__Exercise__
Using only the entries below, output the lines starting at the one containing "上海普陀區(qū)可提供安橋家庭影院維修服務(wù)地址在哪" and ending at the one containing "青菜简笔画怎么画 青菜简笔大全图片带颜色-素描自学网 青菜简笔画怎么画", exactly and inclusive of both, omitting the pictures.

__Data listing__
════

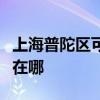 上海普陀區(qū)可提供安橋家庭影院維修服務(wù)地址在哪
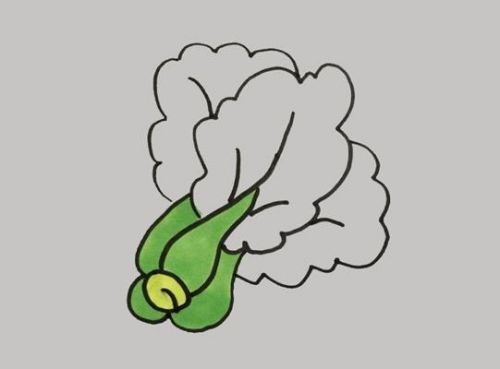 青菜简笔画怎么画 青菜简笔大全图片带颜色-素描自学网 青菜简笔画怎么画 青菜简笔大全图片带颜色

════

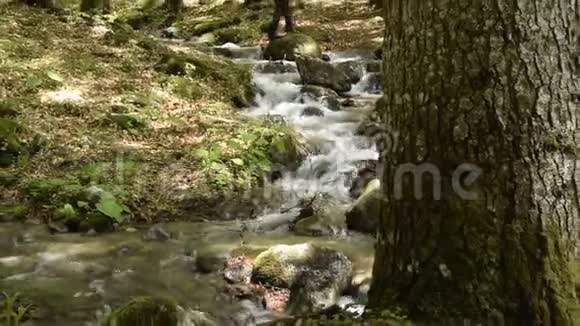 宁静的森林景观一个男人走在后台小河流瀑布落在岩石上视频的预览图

════

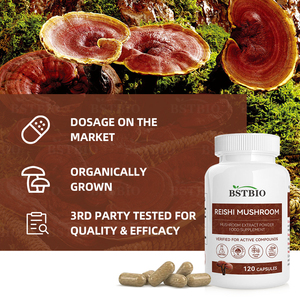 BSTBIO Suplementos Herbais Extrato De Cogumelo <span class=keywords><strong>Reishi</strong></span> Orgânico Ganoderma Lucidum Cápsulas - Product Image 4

════

__Answer to this problem__
 上海普陀區(qū)可提供安橋家庭影院維修服務(wù)地址在哪
 青菜简笔画怎么画 青菜简笔大全图片带颜色-素描自学网 青菜简笔画怎么画 青菜简笔大全图片带颜色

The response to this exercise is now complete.